Do We Even Need Events?

If a plant dies because you didn't water it, did an "absence" cause the death?

Why think there are such things as events at all? One powerful argument comes from how we talk. You say, “Lila ate the cake quickly in the kitchen with a fork.” That sentence entails “Lila ate the cake.” If we treat “ate” as a simple two-place relation between Lila and the cake, it is puzzling why adding “quickly” should logically allow us to drop it and still make sense. But if we suppose your sentence really says: there was an event of Lila’s eating the cake, and it happened quickly, in the kitchen, and with a fork — then the original statement automatically contains the existence of a cake-eating event, which is exactly what “Lila ate the cake” asserts. This is the celebrated adverb argument, pressed by Davidson in the 1960s.

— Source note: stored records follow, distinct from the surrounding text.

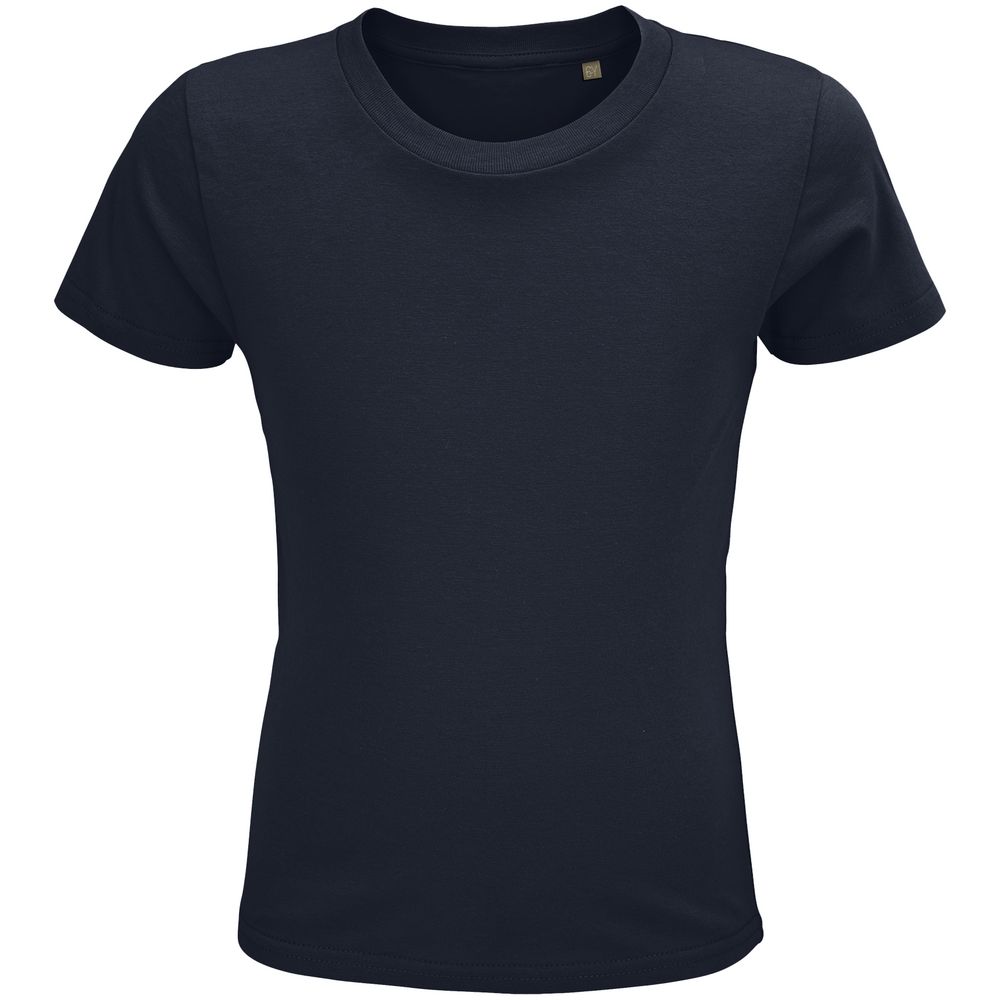 Футболка детская Crusader Kids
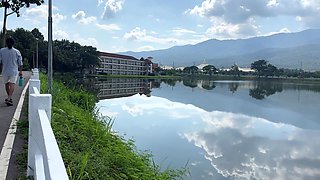 Hot curly-haired GF amazing porn scene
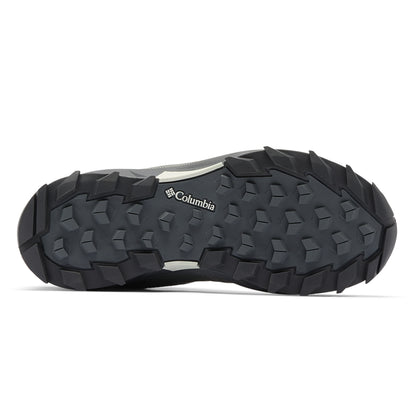 COLUMBIA Peakfreak™ Hera II Mid OutDry™ Wide Women's Hiking Shoes - Supersports Thailand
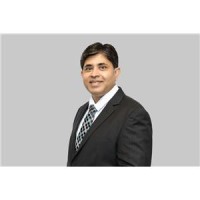 PABITRA KUMAR GHOSH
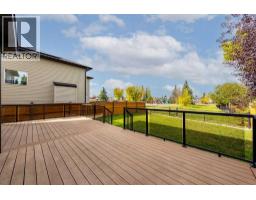 Furnace - 795 Auburn Bay Heights Se, Calgary, AB T3M0A4 Photo 17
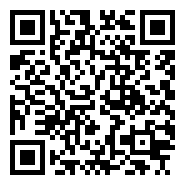 江苏南京：大熊猫乐享初夏阳光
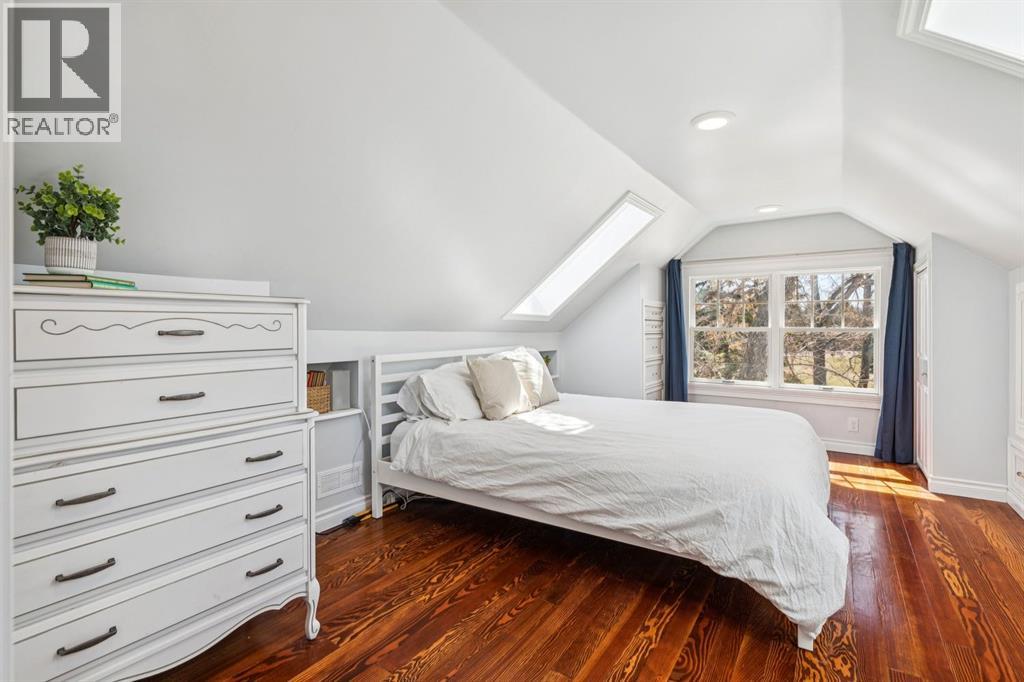 2230 22 Avenue SW, Calgary, Alberta  T2T 0S7 - Photo 20 - A2302859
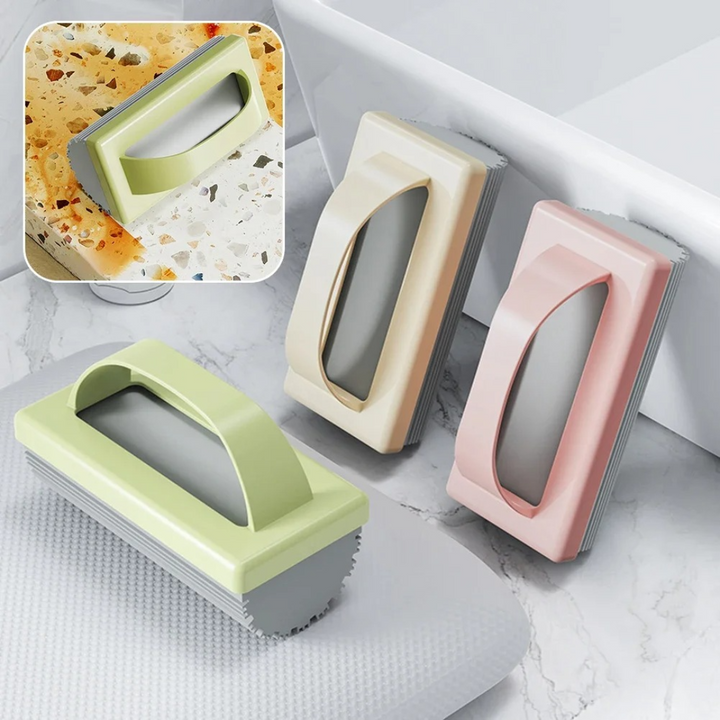 1+1 GRATUIT | WipeShine – Compact, Durable & Parfaitement Propre !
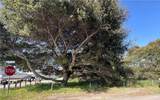 1840 Pine - Photo 15
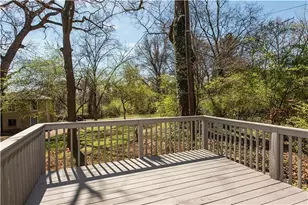 272 Hilltop Dr SW, Atlanta, GA 30315 - Photo 15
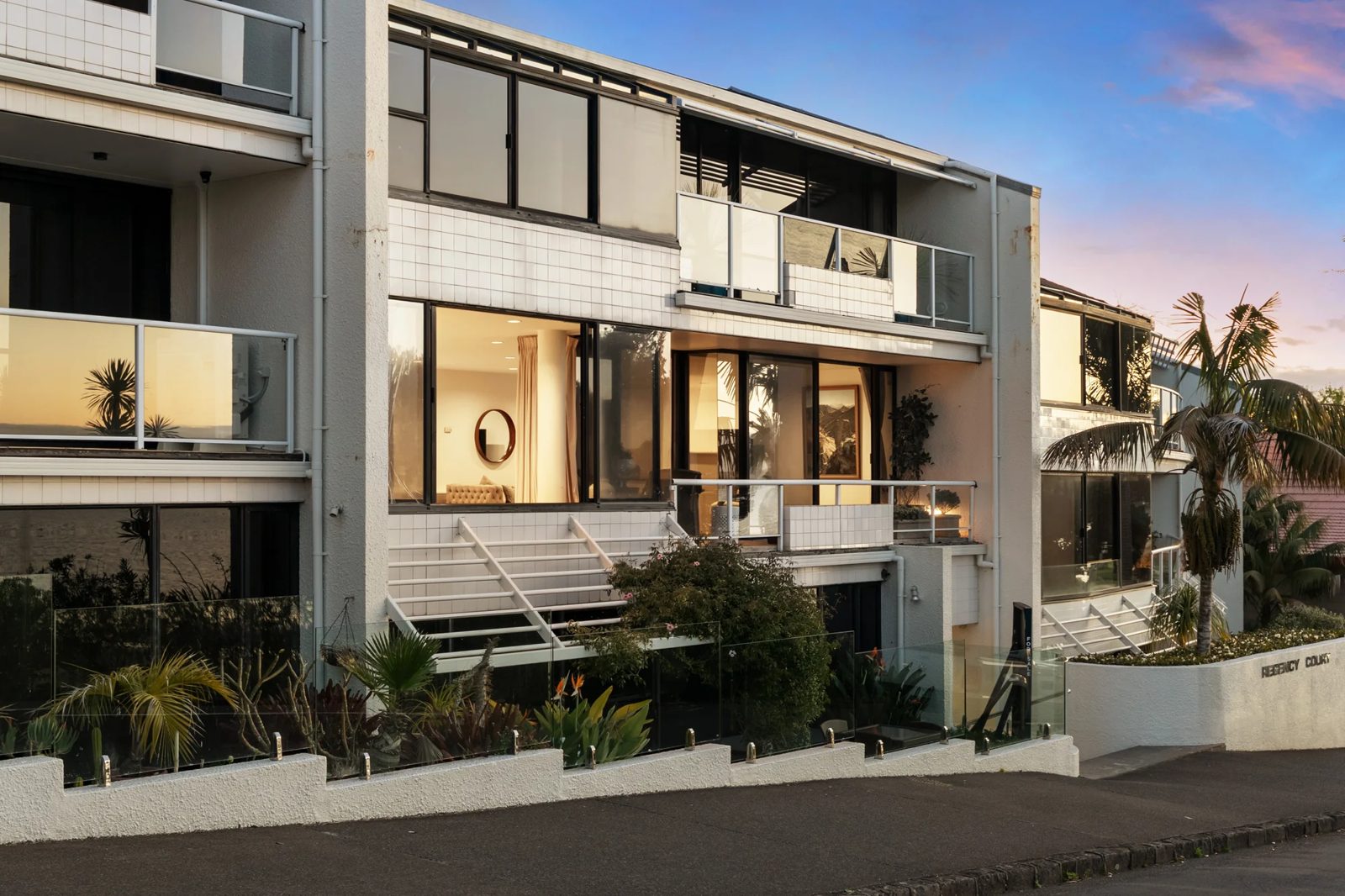 8/7 Cliff Road, Saint Heliers, photo 1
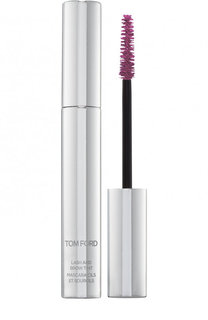 Тинт для бровей и ресниц Extrême Lash and Brow Tint, оттенок Magenta Tom Ford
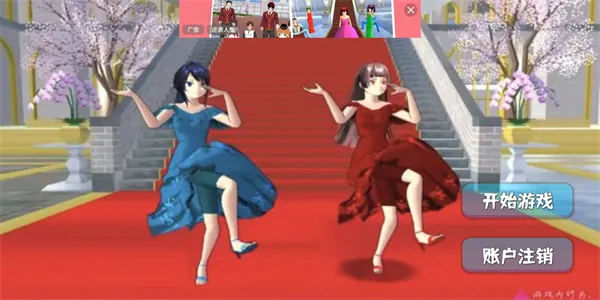 ӣ��У԰ģ����3�����ֻ���v1.04 �ֻ���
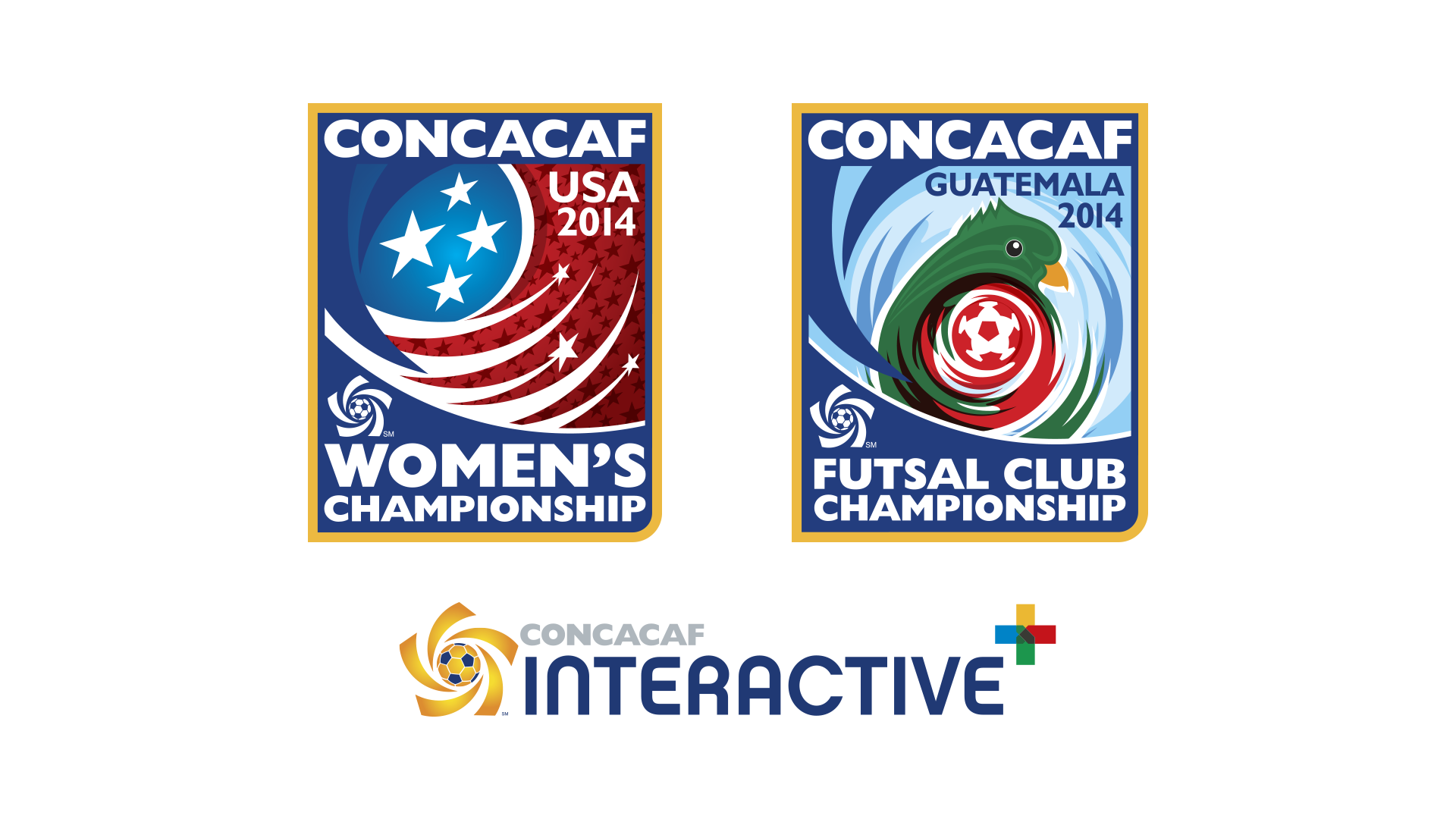 Concacaf.png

Still, not everyone is convinced. Some philosophers argue we can paraphrase away all talk of events. “Lila’s walk was pleasant” might simply mean “Lila walked pleasantly,” with no reference to a walk-event at all. Peter Geach (1916–2013) championed this kind of paraphrase. Yet even if paraphrases are possible, they don’t settle the deeper question. As one contemporary philosopher notes, the fact that we could speak without mentioning events does not prove they don’t exist. The debate over whether our everyday talk forces us to accept events into our ontology rumbles on.

The Nap She Didn’t Take

Here is one more twist. We often talk about things that do not happen as if they were real: “Cameron’s failure to catch the ball caused the window to break.” “Anita’s omitting the cutlery from the wedding list made Susan angry.” Are there really negative events — missing napes, absent waves, unfired shots? Some philosophers, like Judith Jarvis Thomson (1929–2020), take such talk at face value: our world contains omissions and refrainings. Others insist that only positive events exist. When we say “Anita omitted the cutlery,” we are actually describing a positive event — say, the writing of a wedding list that does not include cutlery. The negative sound is just a shorthand, not a mysterious negative thing.

Why does this matter? Because negative events slide directly into moral and legal responsibility. If you see someone drowning and do nothing, can your inaction be a cause of their death? Juries and ordinary people often say yes. But if omissions are not real events, then we need a different story about how not-doing can count as a cause. The metaphysics of negative events touches the very core of how we assign blame for what someone failed to do.

Why This Matters When You Say “I Didn’t Mean To”

Back to Cameron. When he says he didn’t mean to break the window, he is weaving several pieces of philosophy together. He assumes there was an event (the window breaking) that can be traced to his action (the throw), and that his mental state — his intention or lack of it — changes the nature of the event. But which event is the one that matters? The throw? The breaking? The whole sequence? And if he stood still and watched the ball fly past him, are we counting a negative event — his failure to catch it — as a cause?

How you answer those questions shapes whether you see Cameron as more or less blameworthy. In your own life, every time you explain why something happened — “I was just walking and it fell”; “I didn’t touch it”; “I forgot to say something” — you are picking sides in a philosophical argument that has lasted thousands of years. The next time an accident happens, try describing it as one event and then as many. Notice how the story changes, and who ends up responsible. The world of events is not just a dry list of occurrences. It is the hidden grammar of our excuses, our stories, and our sense of right and wrong.

Think about it

  1. If a camera records exactly what happens when a window breaks, could watching the video settle whether the breaking was one event or many? Why or why not?
  2. Suppose a friend promises to feed your cat while you’re away, forgets, and the cat goes hungry. Are you more upset about what your friend did or about what they didn’t do? What does that tell you about negative events?
  3. If every human suddenly vanished from the universe but the physical world kept going exactly as before, would there still be events — like a tree falling in a forest? Does anything about events depend on someone to describe them?